The final descent of the day took us northwards on a splendid high level traverse, with the ‘big reveal’ to the south face of the Matterhorn, with the ski town of Cervinia nestling underneath, after about 20 minutes. A great view, and one which helped us take our mind off the rest of the very long descent on very tired legs. We finally pulled into Cervinia ten and half hours after our early start. A full-on day!

The Matterhorn towering above Cervinia

Final approach to Cervinia
Day 6

A claggy day, with clouds shrouding the Matterhorn and surrounding mountains. We took the lift system up through Plan Maison (2548m) and on to Testa Grigia at 3479m, overlooking the Theodulpass 3301m, which is usually crossed on foot in better weather.
The paths at the top hut were icy, and this proved to be an omen for what was to unfold in the next couple of hours. The next stage of our journey was to descend the ‘easy’ glacier slopes down to Trockener Steg on the Swiss side at 2939m. The slopes are pisted for skiing, but there are crevasses present, so some care is required. Accordingly, we were to be accompanied by an Italian mountain guide, Nikolai from Cervinia, who duly roped us up using a simple waist loop without harness before we set off down a slope which never really exceeded 5-8 degrees.

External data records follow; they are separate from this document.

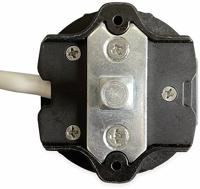 Kaiser Nienhaus 140010 Mercato Primus Draadloze buismotor 433 MHz 60 mm 112 W 10 Nm - thumbnail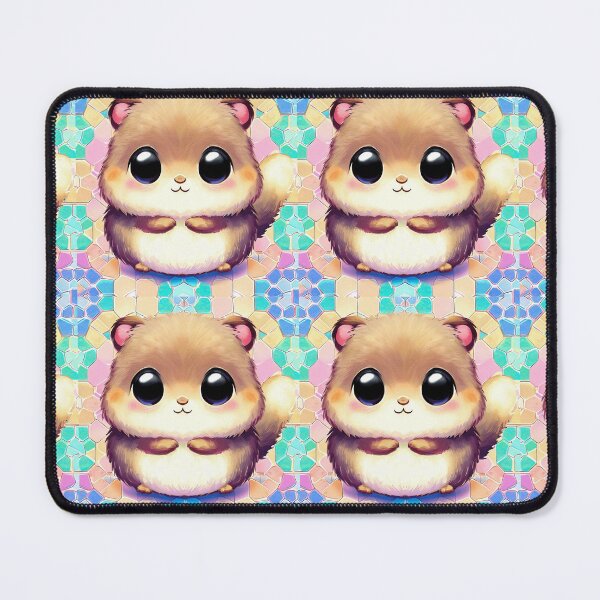 Item preview, Cheeky Chipmunk designed and sold by ChibiKolossus.
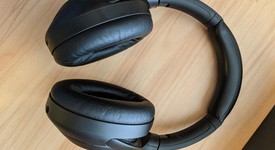 Used
													Sony WH-1000XM4 - Black, photo 5 of 9
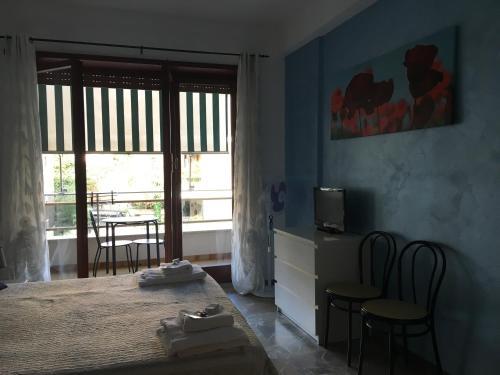 Fotos del hotel - BED ROOMS ROME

Glaciers above Cervinia, en route to Testa Grigia
Starting off on our ill-fated trek down the glacier from Testa Grigia
However, it quickly became apparent that our esteemed guide had misread the glacier conditions. Overnight rain had frozen on the surface and the usual melt of the top layer had not occurred, so we were quickly in dire straits, slipping down sheet ice, often pulling each other over, and we were soon bruised and soaking wet. The situation was compounded by increasingly strong gusts of wind, which literally blew us over, and we soon had all the makings of a minor crisis on our hands. Coincidentally, this slope would have been a piece of cake with crampons, but our Italian guide had got this completely wrong.
Eventually, we were assisted by another guide, who fixed rope to the edge of the glacier, enabling our group to shuffle over to the side of a rock buttress. This enabled us to warm members of our team who were getting cold, before establishing our plan to continue descending (as going back up the icy slope wasn't really an option), but this time on a slightly less icy route. The next hour or so was unpleasant, with many further slips and the overwhelming feeling of instability…I hate the feeling when you’ve lost control in the mountains…

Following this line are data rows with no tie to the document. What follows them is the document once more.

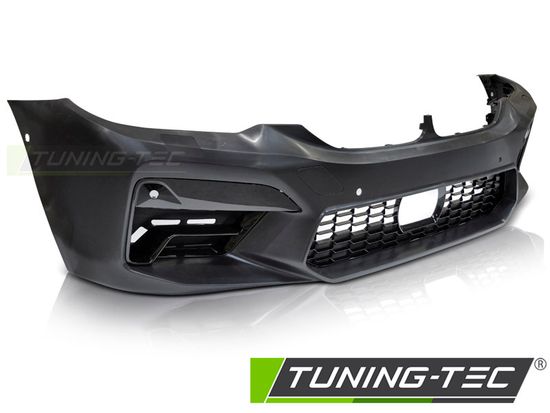 FRONT BUMPER SPORT LCI STYLE PDC fits BMW G30 G31 17-20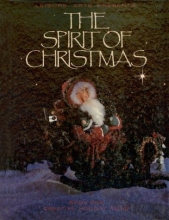 Cover art for 1) Creative Holiday Ideas (Leisure Arts: The Spirit of Christmas)
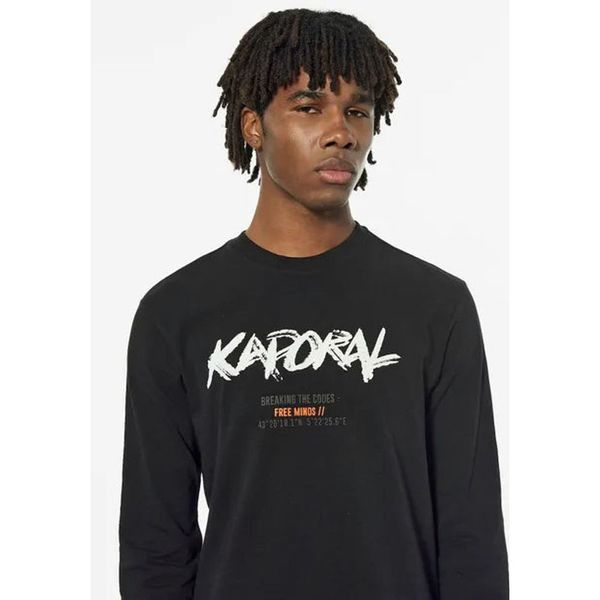 KAPORAL KAPORAL majice dugi rukav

Our glacier journey, centre picture
Injuries sustained on the glacier descent...should never have happened!
Let me say, however, that the Exodus leader, Sean, was excellent. Unfortunately, with the appointment of a high mountain guide for this section, he had to defer to the authority of the Italian guide, and was powerless to influence the events that ensued once we were on the glacier.
We finally reached Trockener Steg after 2.5 hours (covering just 2.2km), enabling us to change out of sodden clothes, get a warming drink, before setting off down to Zermatt on the lifts via the Fürgg and Fùri stations.
A long, boozy lunch was then enjoyed by all (me especially ;))!

Day 7

Although drizzly to start, we soon climbed out of the cloud which had settled over Zermatt overnight, and climbing steeply up through pretty alpine pastures we soon reached the chalet at Tufteren, with great views back to Matterhorn, Breithorn and, as we got a little higher up, Castor and Pollux, part of the fine set of mountains rising up to Dufourspitze.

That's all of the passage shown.